> [Work order] Set down, exactly as they stand, the lines from the one containing "Casa para alugar com 80m², 2 quartos e 1 vaga Casa" through the last line of the records below, leaving every picture out.

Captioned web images

▬▬▬▬▬▬▬▬▬▬

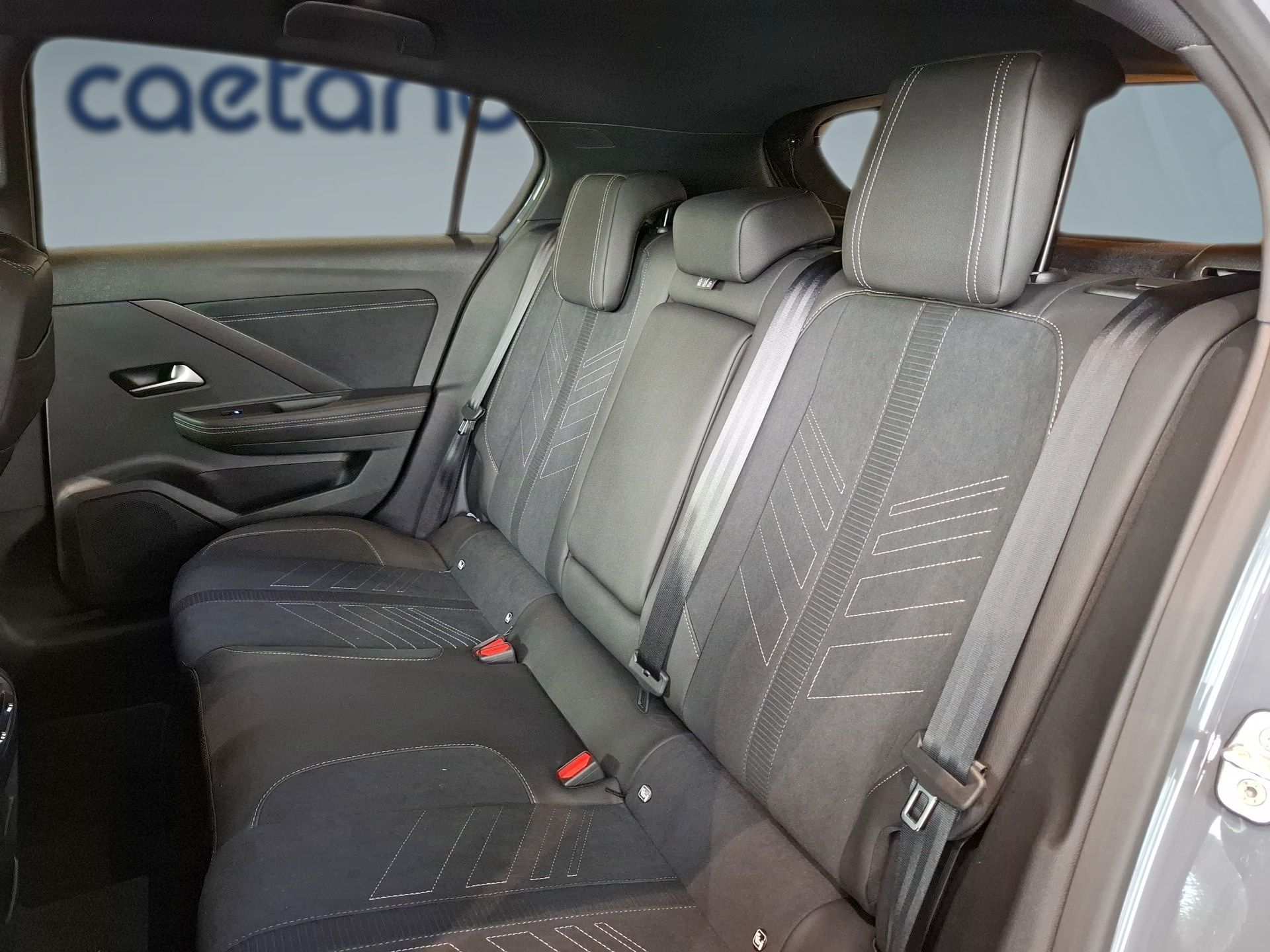 Opel Astra 1.2T Hybrid 145cv GS CADC6 — photo 4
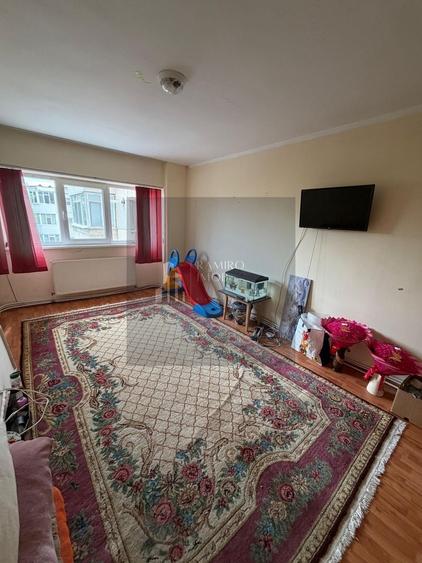 Apartament cu 3 camere decomandat, mobilat în Calarași 4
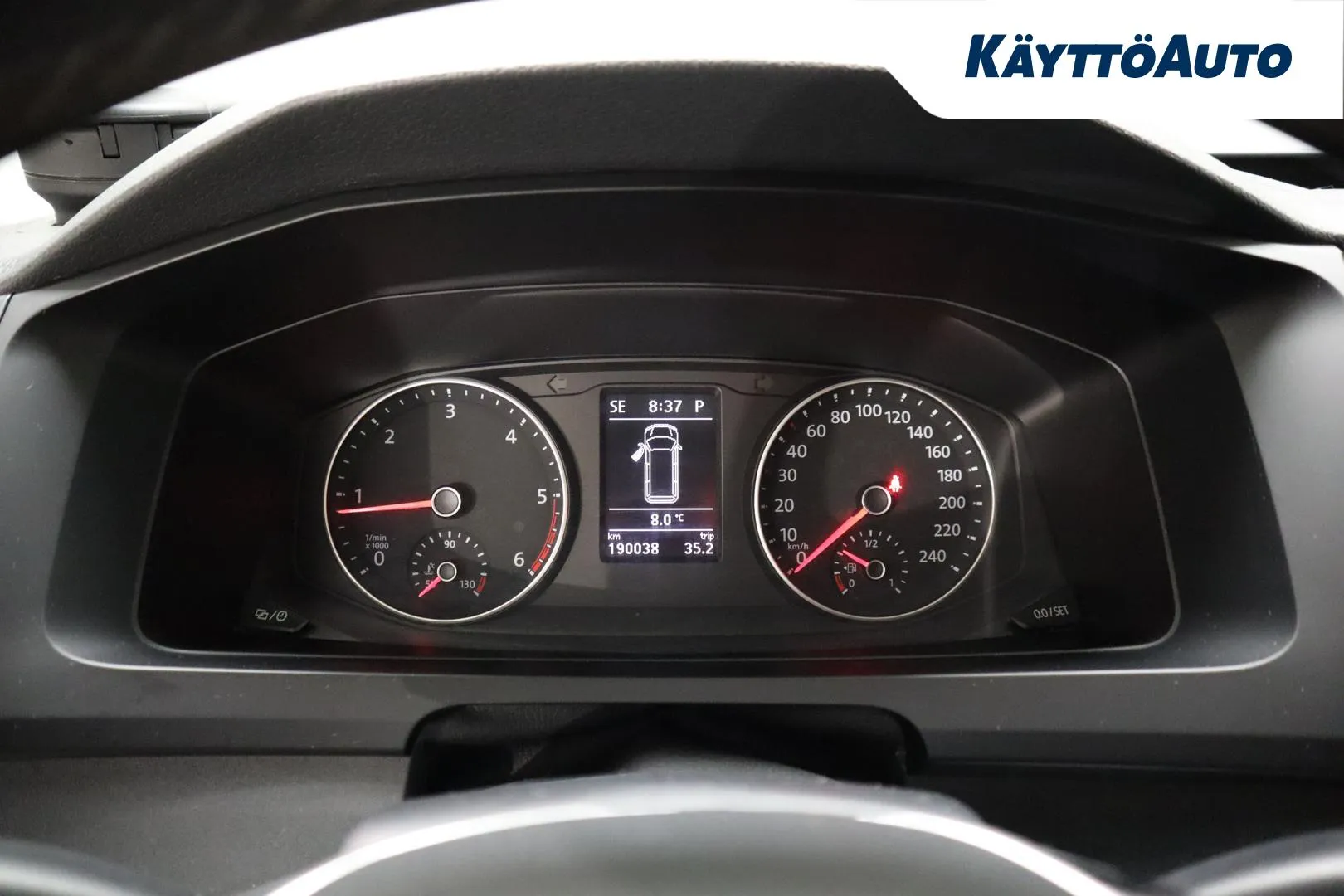 Volkswagen Transporter YJN-458 carousel image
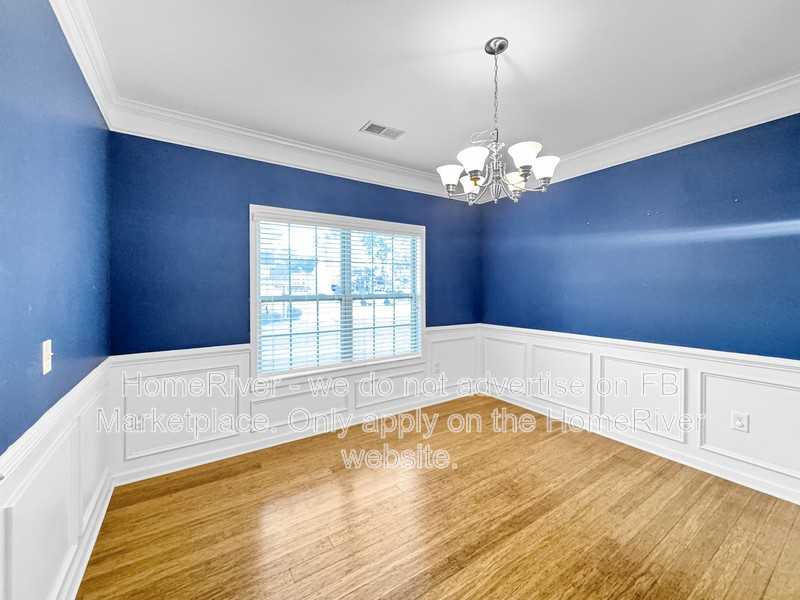 5555 Schellin Dr - Photo 6 of 23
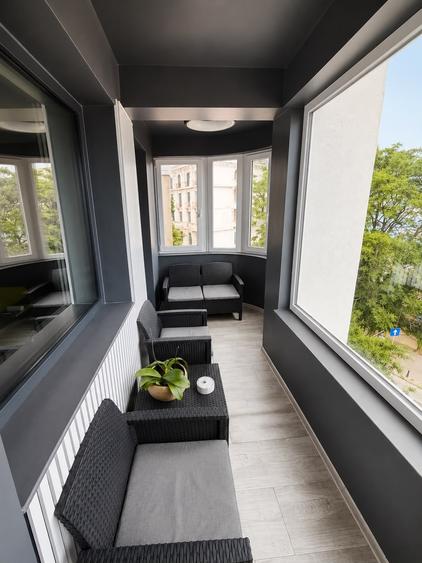 Apartament cu 3 camere decomandat în Peninsula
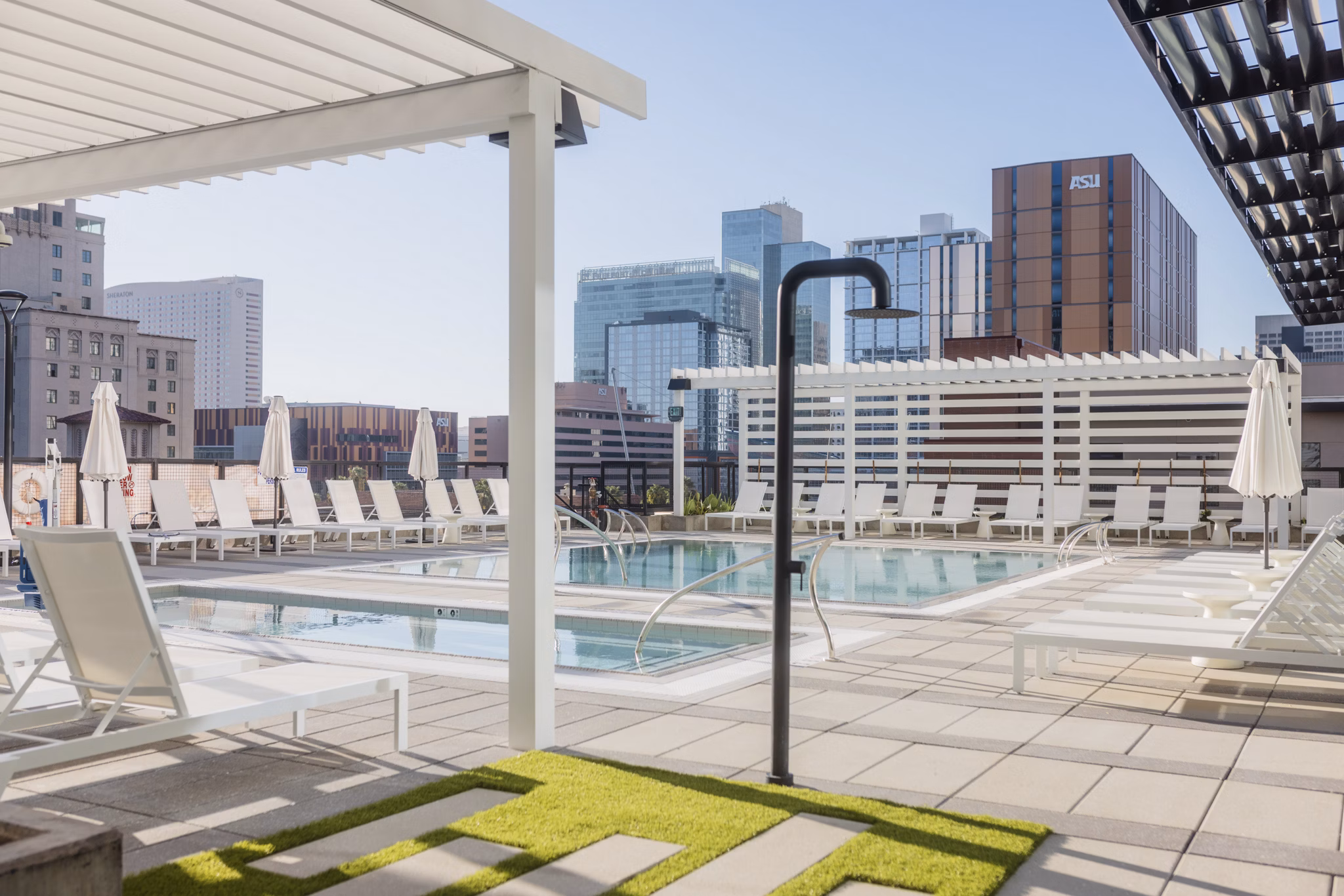 grill area at Rosie Apartments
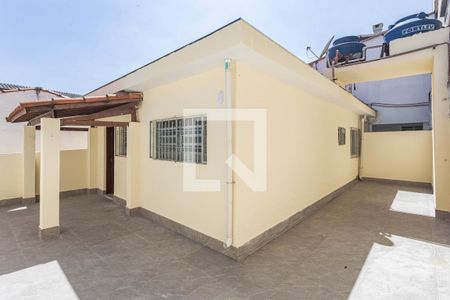 Casa para alugar com 80m², 2 quartos e 1 vaga Casa para alugar com 80m², 2 quartos e 1 vagaQuintal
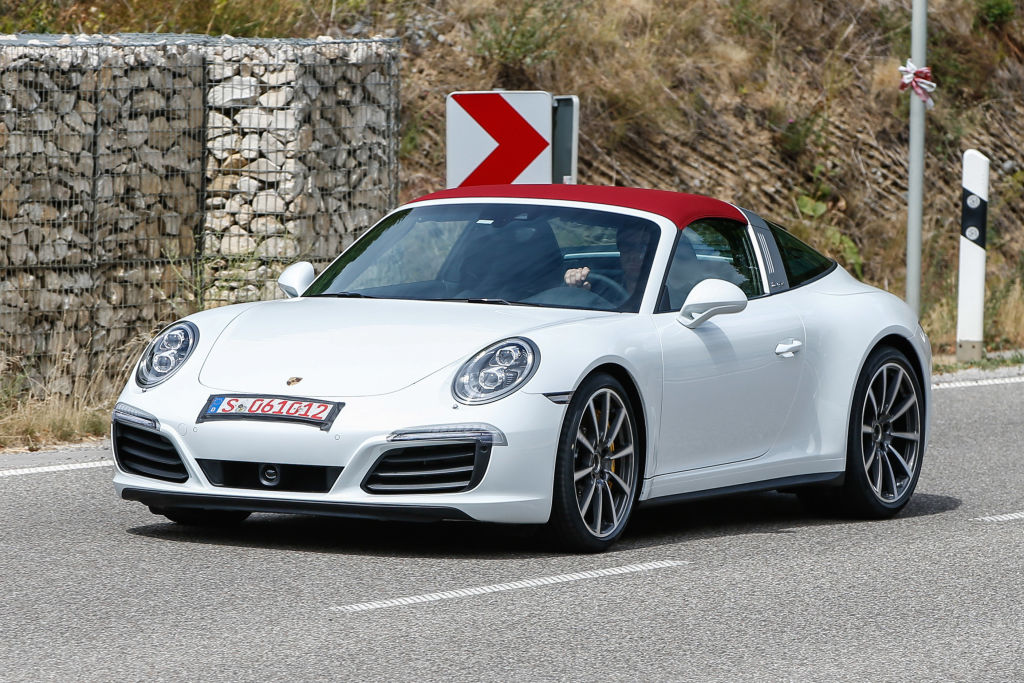 Überstunden in Zuffenhausen: Die 911er Reihe bekommt ihr Facelift bis zum Herbst.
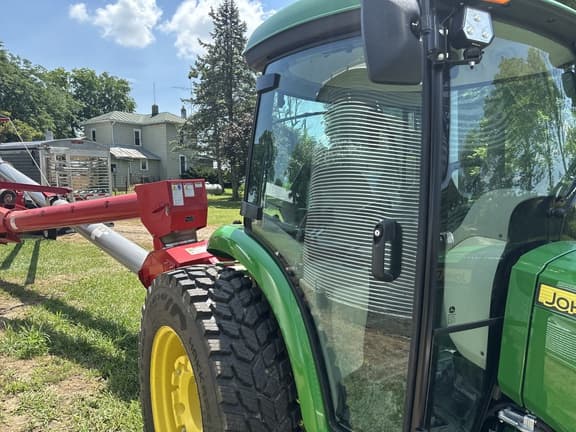Image of John Deere 4075R equipment image 4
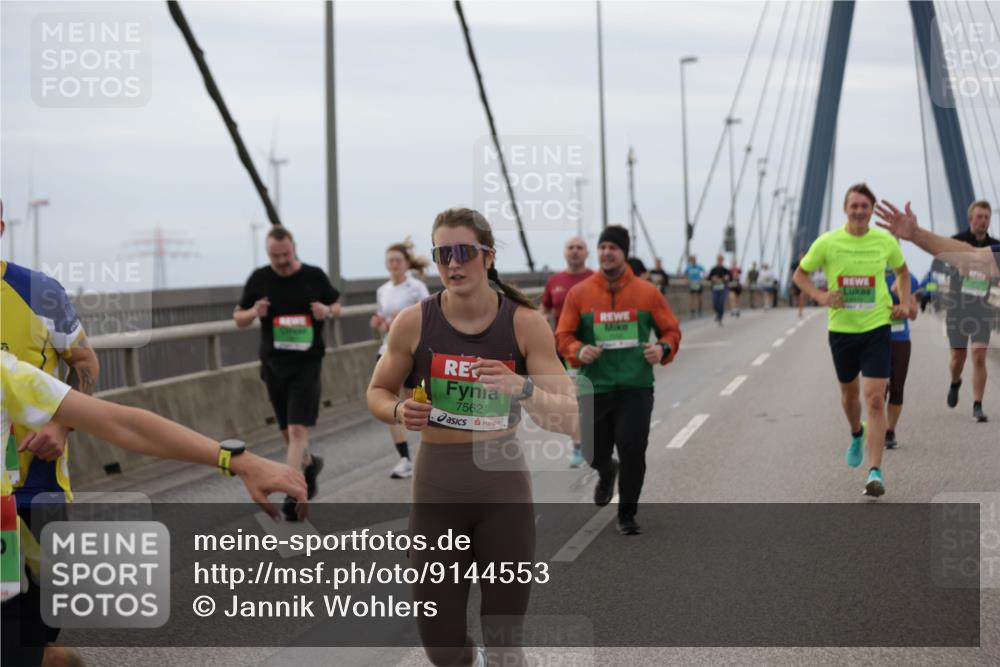 03.10.2025 - Köhlbrandbrückenlauf Jannik Wohlers http://msf.ph/oto/9144553 03.10.2025 15:45:57 Position 1 4, 7562 meine-sportfotos.de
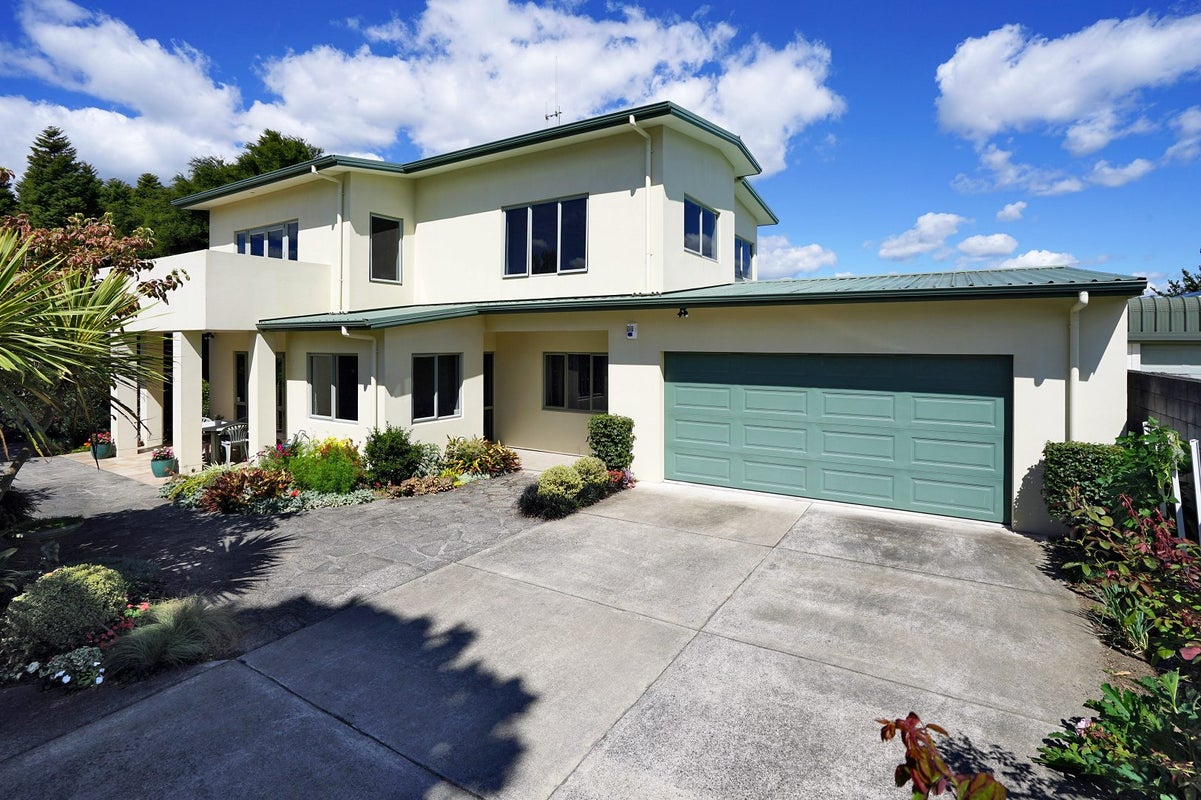 20 Ranfurly Avenue, Fairfield, Hamilton - Carousel 2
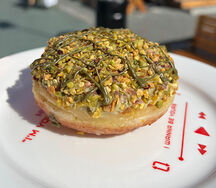 Фисташковый пончик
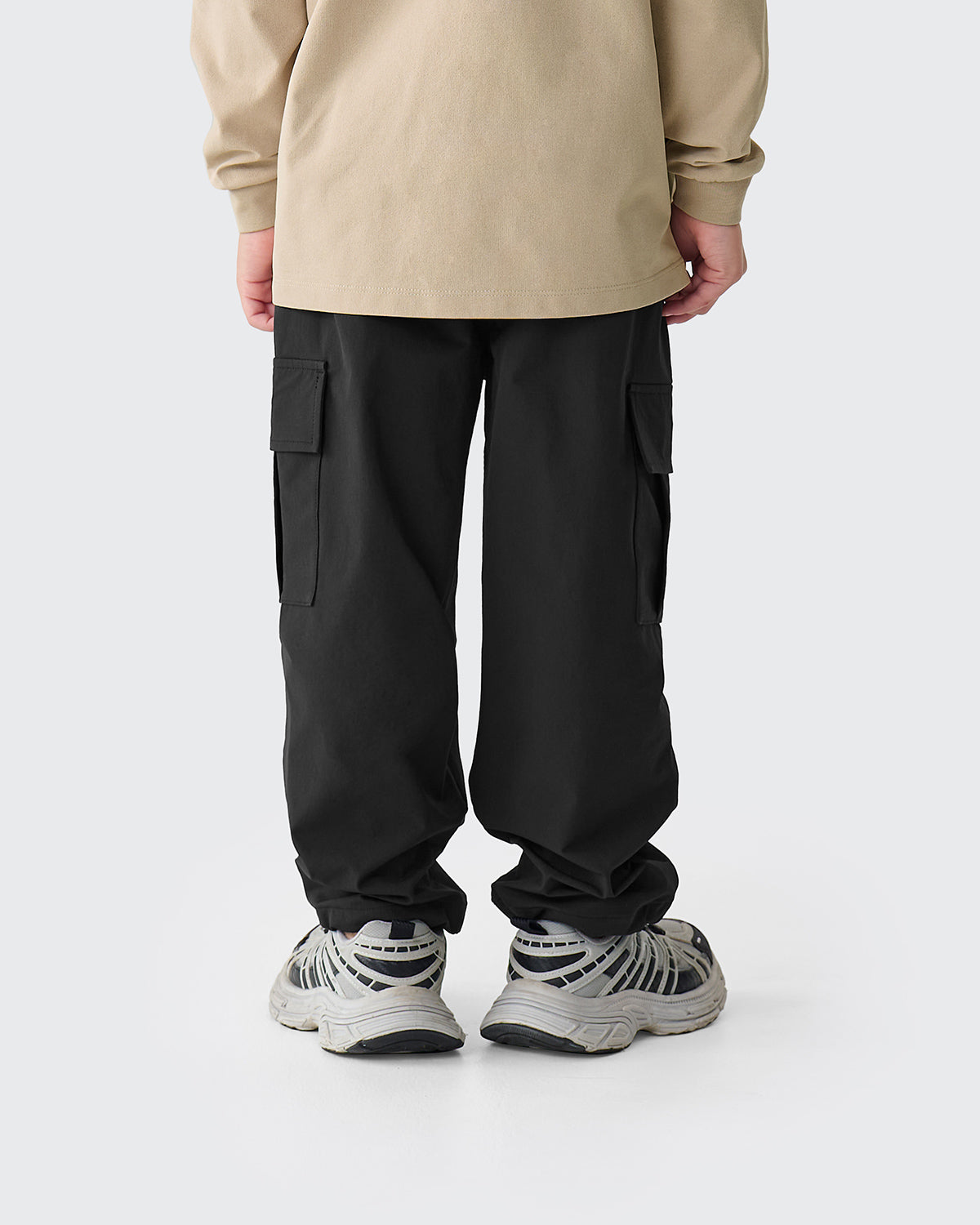 #カラー_ブラック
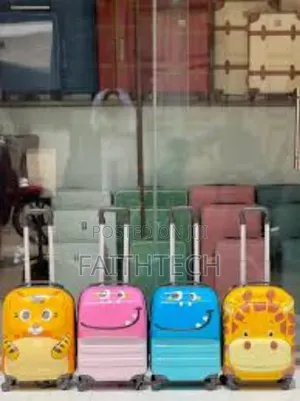 Kids’ Hard-shell Suitcase Design, Lightweight With Wheels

▬▬▬▬▬▬▬▬▬▬

> [Written answer]
 Casa para alugar com 80m², 2 quartos e 1 vaga Casa para alugar com 80m², 2 quartos e 1 vagaQuintal
 Überstunden in Zuffenhausen: Die 911er Reihe bekommt ihr Facelift bis zum Herbst.
Image of John Deere 4075R equipment image 4
 03.10.2025 - Köhlbrandbrückenlauf Jannik Wohlers http://msf.ph/oto/9144553 03.10.2025 15:45:57 Position 1 4, 7562 meine-sportfotos.de
 20 Ranfurly Avenue, Fairfield, Hamilton - Carousel 2
 Фисташковый пончик
 #カラー_ブラック
 Kids’ Hard-shell Suitcase Design, Lightweight With Wheels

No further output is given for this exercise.